Eu pedi que você prestasse atenção à palavra “display” e, se você estava realmente prestando atenção, notou que ela apareceu na linha de comando (export DISPLAY=chita:0.0) que apresentamos acima. Esta linha de comando irá funcionar em interpretadores derivados  da Bourne Shell (sh), como a ksh (Korn SHell) ou a bash (Bourne Again SHell, default na maioria dos Linux). O uso freqüente deste comando ajudou a cunhar a expressão “exportar o DISPLAY”, no nosso caso para a máquina chita. Isso é apenas força de expressão, este comando não está fazendo nada senão criando uma variável global chamada DISPLAY, com o valor “chita:0.0”. Esta variável é consultada por todos os clientes X (programas) para saberem para qual servidor direcionar suas saídas de tela. Se ela não estiver definida, o programa irá tentar encontrar um servidor X rodando na própria máquina.

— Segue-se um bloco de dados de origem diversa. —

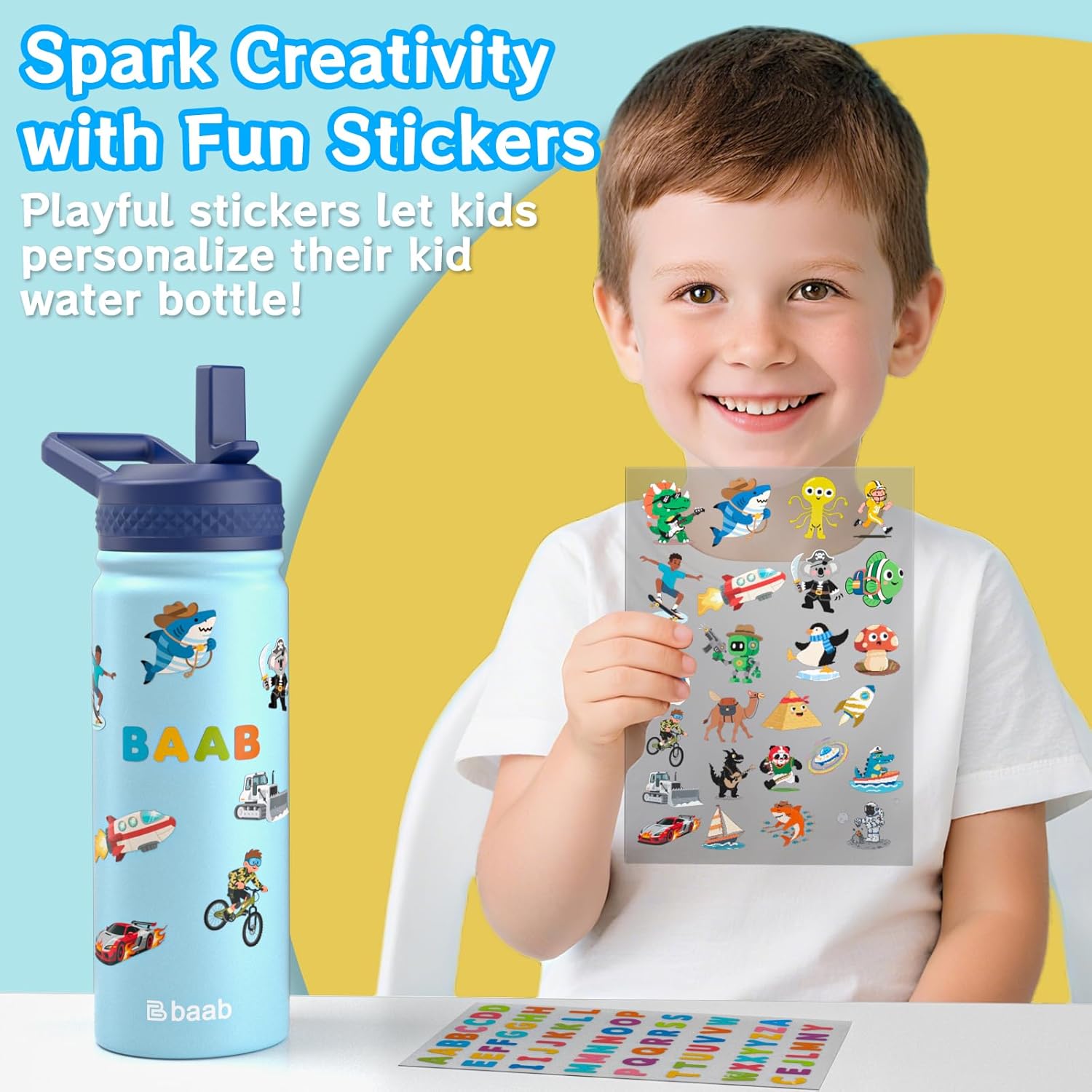 baab 18oz Kids Water Bottle, Insulated Water Bottle with Straw & Stickers, 18/8 Stainless Steel Vacuum Leakproof Kids Water Straw Cup for School, Perfect for Boy Girl (Light Blue+Pink, 2 Pack)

Geralmente temos uma única placa de vídeo no computador e um único monitor, mas isso não precisa ser necessariamente verdade. Nada nos impede de instalarmos várias placas de vídeo e consequentemente vários monitores em um único computador, se tivermos software capaz de gerenciar isso. Um servidor X pode gerenciar vários “displays” (dispositivos de saída).  Um mesmo computador pode também ter vários servidores X rodando simultaneamente. A possibilidade existe, muito embora seja raramente utilizada. Daí, ao informarmos aos clientes X qual será o endereço do dispositivo de saída usamos a sintaxe host:N.M , onde “N” é o N-ésimo servidor X (começando com 0) rodando na máquina “host” e “M” é o M-ésimo display (também a partir de 0) controlado por este servidor. Como no caso geral teremos um único servidor X rodando na máquina e um único display, o mais comum é termos a designação “host:0.0” para identificá-lo.

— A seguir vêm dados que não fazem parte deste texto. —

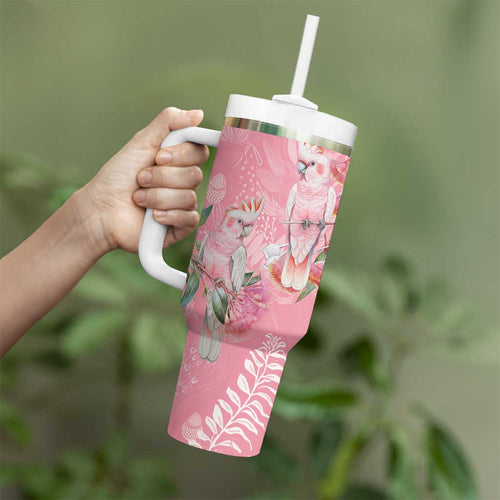 Personalised Galah Cockatoo Eucalyptus Flowers Tumbler With Handle Australian Breast Cancer Spirit - Aussie Hoodie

Esta característica é chamada de “Multiheaded display” ou display com múltiplas cabeças (alguns devem estar pensando “de sete cabeças” a esta altura). E está presente em alguns servidores X comerciais, como por exemplo o da Xi graphics. O XFree86 tem suporte precário a multiheaded displays, o suporte mais completo está previsto para a próxima versão do servidor.

Quando você instala um linux e configura seu ambiente gráfico você está automaticamente habilitando estas características. Caso você esteja em rede (mesmo através de um provedor de acesso) você pode se utilizar dos recursos do X para abrir aplicativos em máquinas remotas na rede e visualizá-los em sua própria máquina (claro, voce precisa ter acesso a estas máquinas remotas). O visual do seu ambiente gráfico é o trabalho de um pacote complementar de software chamado “window manager” ao qual dedicarei os próximos artigos, que prometo, serão mais leves, incluindo várias imagens coloridas dos vários “look and feel” disponíveis para Linux.

Se você não conseguiu absorver de uma vez toda esta informação não se preocupe, a intenção é mostrar que há muito mais entre o sistema operacional e o ambiente gráfico do que supõe a filosofia do usuário (perdão, Shakespeare!) e alertá-lo para a potencialidade do desktop Unix em rede, que vai muito além dos jogos de paciência.

Como curiosidade, vale dizer que recentemente (meados de 1998) o Open Group, detentor dos direitos do padrão X, tentou alterar a licença das novas versões do protocolo, que impediria que o XFree86 continuasse fiel a tais versões sem ter que pagar (caro) por isso.  A força dos padrões abertos como o Linux fez com que o Open Group, (que de “Open” não tem tanto assim) voltasse atrás. A ameaça era que o XFree86, por ser desenvolvido pela comunidade e ser completamente aberto, passasse a ditar os padrões, ao invés do próprio Open Group. Mais um ponto a favor do Free Software.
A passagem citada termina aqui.